- Given data -
• • •

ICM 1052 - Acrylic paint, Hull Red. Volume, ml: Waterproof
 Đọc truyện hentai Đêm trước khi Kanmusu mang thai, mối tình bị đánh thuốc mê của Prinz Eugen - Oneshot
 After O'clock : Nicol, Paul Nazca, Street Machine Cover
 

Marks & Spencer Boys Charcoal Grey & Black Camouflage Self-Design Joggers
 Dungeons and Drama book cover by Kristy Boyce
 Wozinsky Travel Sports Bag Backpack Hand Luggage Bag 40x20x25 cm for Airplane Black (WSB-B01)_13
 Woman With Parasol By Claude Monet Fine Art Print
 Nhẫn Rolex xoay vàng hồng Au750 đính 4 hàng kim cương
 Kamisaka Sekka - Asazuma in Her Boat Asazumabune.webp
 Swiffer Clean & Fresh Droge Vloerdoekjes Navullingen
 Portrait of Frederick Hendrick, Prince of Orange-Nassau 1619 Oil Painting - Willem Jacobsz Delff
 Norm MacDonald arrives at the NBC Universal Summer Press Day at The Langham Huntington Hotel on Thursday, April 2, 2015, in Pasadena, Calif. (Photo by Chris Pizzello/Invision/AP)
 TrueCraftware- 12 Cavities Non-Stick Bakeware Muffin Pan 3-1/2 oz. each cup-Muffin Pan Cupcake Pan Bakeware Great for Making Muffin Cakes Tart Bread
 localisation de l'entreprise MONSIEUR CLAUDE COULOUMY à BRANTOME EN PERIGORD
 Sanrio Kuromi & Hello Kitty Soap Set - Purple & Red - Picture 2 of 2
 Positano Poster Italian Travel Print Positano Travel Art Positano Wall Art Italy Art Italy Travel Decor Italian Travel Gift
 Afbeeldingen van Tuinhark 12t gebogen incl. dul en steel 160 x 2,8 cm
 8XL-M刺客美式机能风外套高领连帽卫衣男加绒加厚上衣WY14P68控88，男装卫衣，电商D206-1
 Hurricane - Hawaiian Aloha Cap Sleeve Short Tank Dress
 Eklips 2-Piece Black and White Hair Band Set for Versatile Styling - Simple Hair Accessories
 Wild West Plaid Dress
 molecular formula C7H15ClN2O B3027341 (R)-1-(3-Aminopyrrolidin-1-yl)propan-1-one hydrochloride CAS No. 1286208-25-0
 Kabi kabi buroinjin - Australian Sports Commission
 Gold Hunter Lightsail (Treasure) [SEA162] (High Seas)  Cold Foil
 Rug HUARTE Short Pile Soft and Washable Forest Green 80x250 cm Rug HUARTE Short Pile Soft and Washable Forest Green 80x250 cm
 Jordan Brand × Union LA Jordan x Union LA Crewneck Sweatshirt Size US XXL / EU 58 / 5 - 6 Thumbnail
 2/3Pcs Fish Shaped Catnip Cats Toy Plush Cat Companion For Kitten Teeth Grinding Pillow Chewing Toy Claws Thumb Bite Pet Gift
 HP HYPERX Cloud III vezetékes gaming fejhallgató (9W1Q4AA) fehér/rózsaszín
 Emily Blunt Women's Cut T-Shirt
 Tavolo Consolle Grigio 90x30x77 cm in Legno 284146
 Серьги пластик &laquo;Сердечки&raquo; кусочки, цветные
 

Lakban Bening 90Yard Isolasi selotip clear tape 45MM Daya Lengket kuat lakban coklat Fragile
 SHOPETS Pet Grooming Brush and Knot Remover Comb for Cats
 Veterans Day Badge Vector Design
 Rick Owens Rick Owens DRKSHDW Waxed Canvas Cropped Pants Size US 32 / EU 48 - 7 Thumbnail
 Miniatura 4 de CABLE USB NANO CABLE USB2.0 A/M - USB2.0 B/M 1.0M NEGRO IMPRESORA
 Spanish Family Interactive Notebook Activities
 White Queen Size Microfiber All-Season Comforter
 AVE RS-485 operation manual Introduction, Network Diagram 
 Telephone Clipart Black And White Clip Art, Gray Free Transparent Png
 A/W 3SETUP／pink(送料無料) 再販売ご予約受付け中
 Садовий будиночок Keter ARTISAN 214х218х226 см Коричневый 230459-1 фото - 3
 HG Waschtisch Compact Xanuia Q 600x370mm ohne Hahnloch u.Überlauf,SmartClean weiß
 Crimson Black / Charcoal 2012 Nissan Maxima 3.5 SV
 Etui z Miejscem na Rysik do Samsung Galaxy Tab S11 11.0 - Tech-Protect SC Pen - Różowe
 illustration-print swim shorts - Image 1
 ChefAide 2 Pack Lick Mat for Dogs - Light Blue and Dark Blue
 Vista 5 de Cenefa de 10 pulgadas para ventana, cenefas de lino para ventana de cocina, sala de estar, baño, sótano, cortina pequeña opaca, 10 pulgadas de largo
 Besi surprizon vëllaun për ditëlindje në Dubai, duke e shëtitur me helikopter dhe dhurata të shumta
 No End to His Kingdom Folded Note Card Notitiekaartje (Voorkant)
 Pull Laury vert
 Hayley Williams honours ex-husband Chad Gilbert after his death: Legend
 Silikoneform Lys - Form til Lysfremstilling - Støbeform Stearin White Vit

• • •

Of all the entries above, retype exactly the lines from the line with "Sanrio Kuromi &" to the line with "Afbeeldingen van Tuinhark", both included, and no others.

- Written reply -
 Sanrio Kuromi & Hello Kitty Soap Set - Purple & Red - Picture 2 of 2
 Positano Poster Italian Travel Print Positano Travel Art Positano Wall Art Italy Art Italy Travel Decor Italian Travel Gift
 Afbeeldingen van Tuinhark 12t gebogen incl. dul en steel 160 x 2,8 cm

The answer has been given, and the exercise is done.